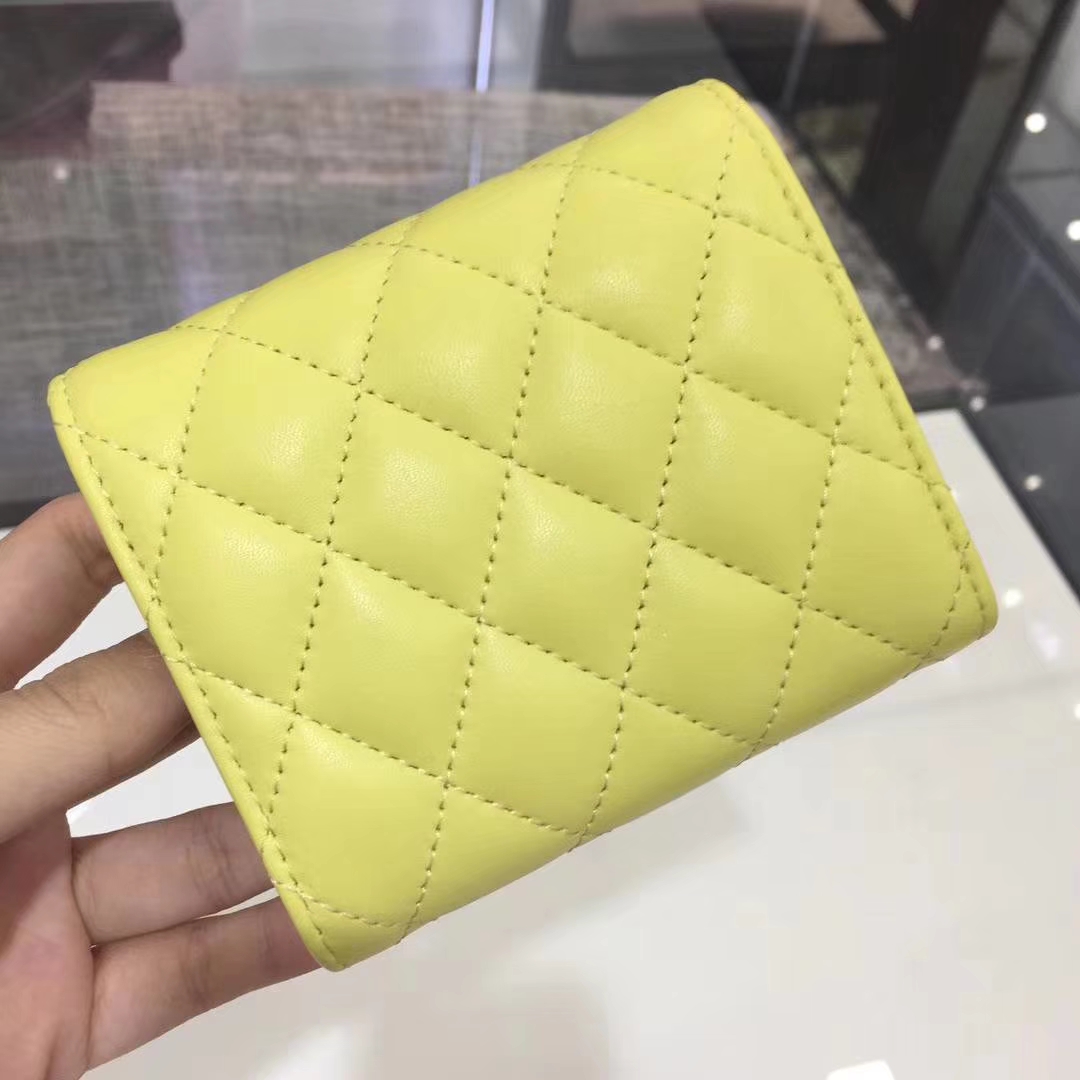 Chanel香奈儿 钱包 小羊皮 柠檬黄 银扣 短夹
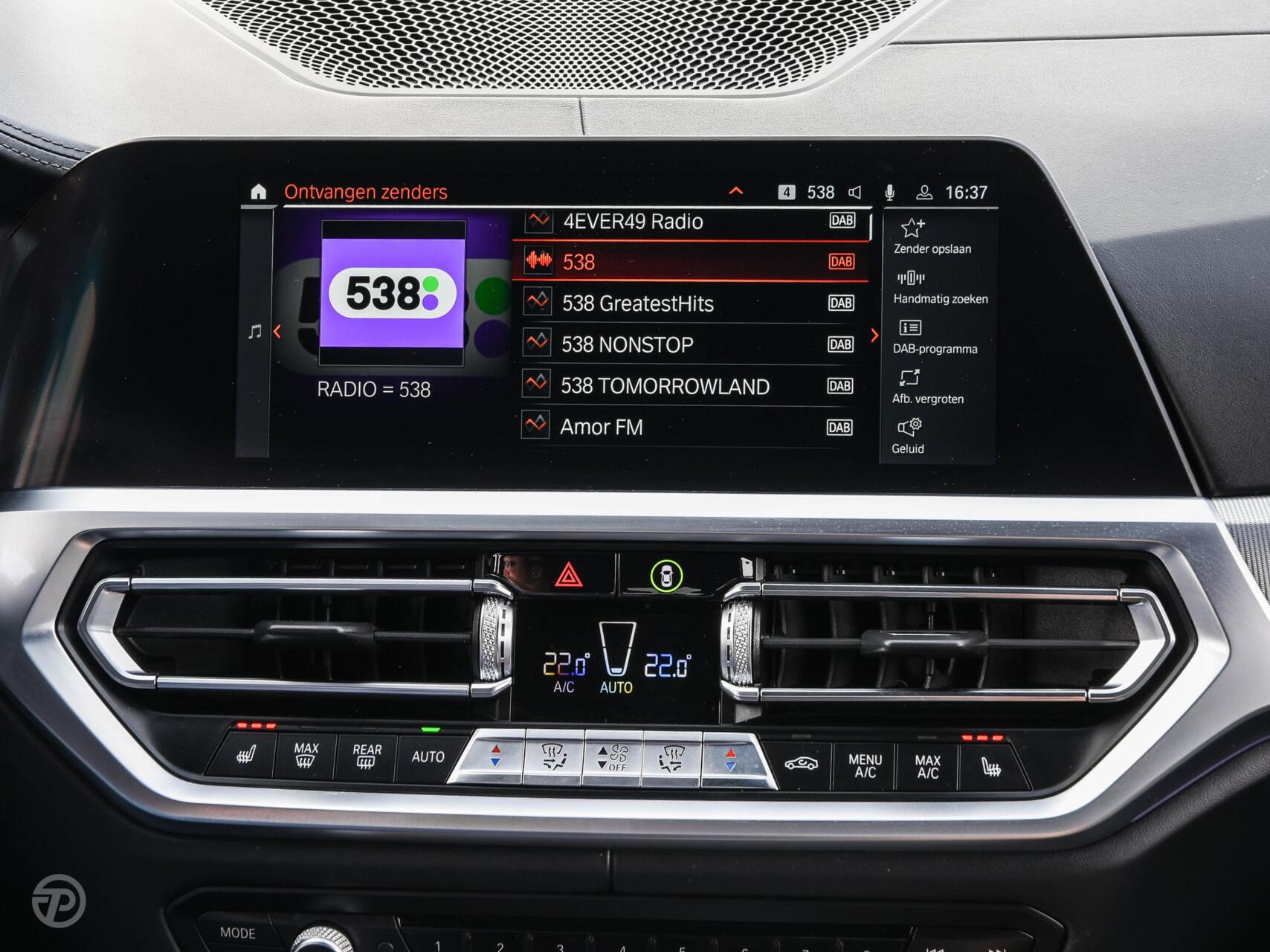 Foto van BMW 330e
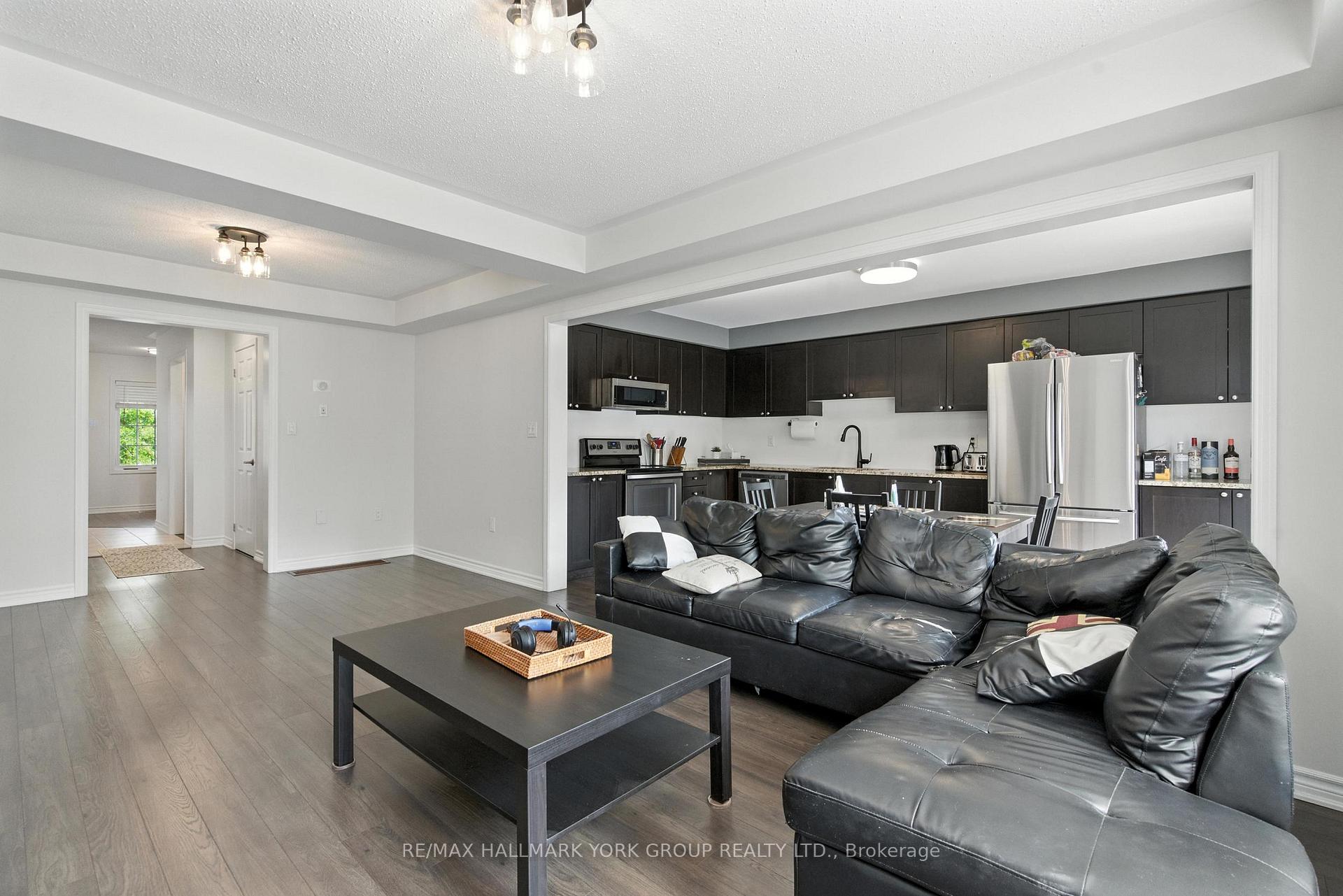 Photo 12 of 40 Hutt Crescent, Aurora, Bayview Northeast — HOMEH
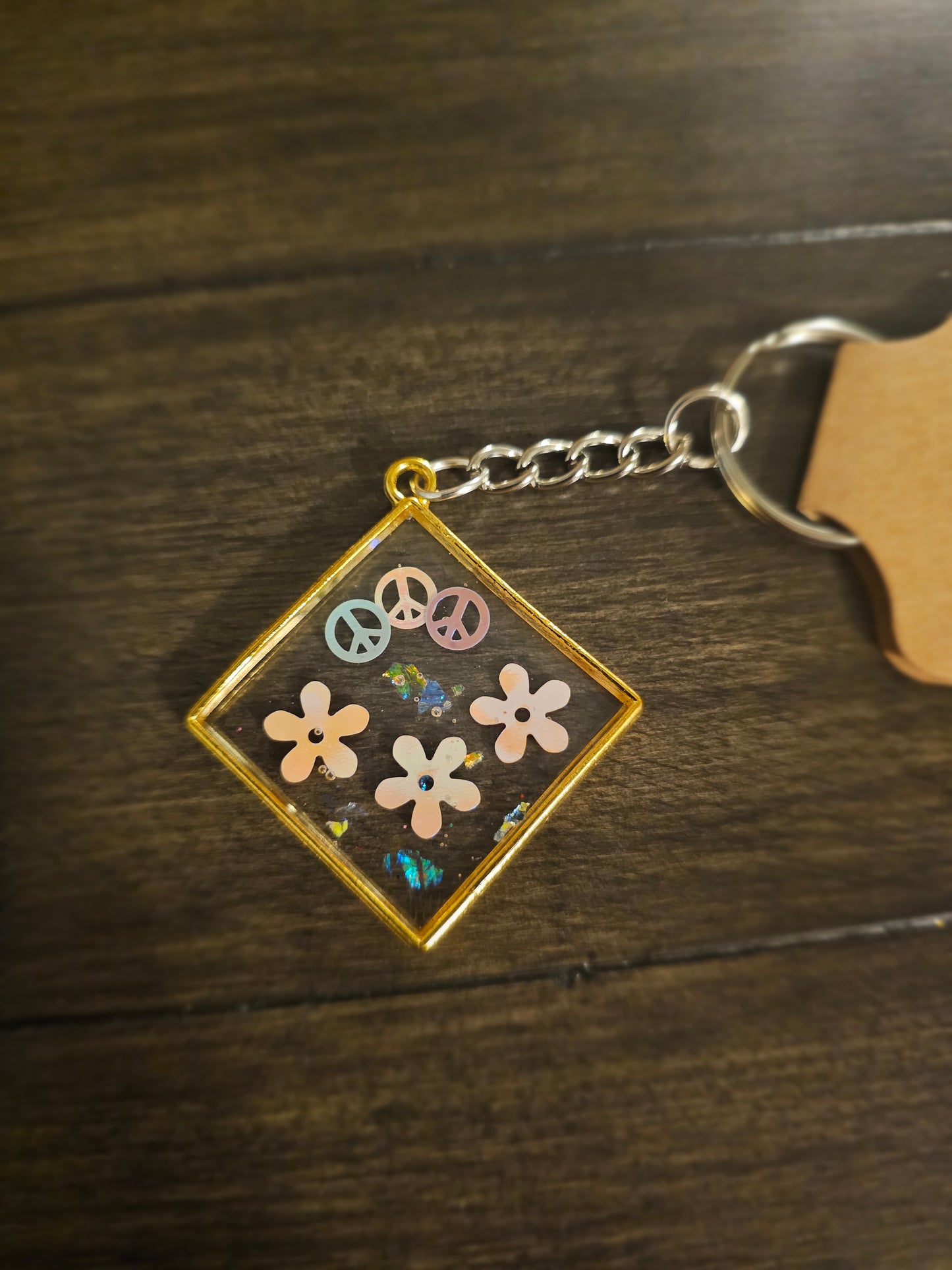 Groovy Vibes – Gold Square Keychain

● ● ● ● ● ● ●

» Exercise aim
From the first line to the last, repeat the data above exactly and leave the pictures out.

» Solution to this exercise
 Chanel香奈儿 钱包 小羊皮 柠檬黄 银扣 短夹
 Foto van BMW 330e
 Photo 12 of 40 Hutt Crescent, Aurora, Bayview Northeast — HOMEH
 Groovy Vibes – Gold Square Keychain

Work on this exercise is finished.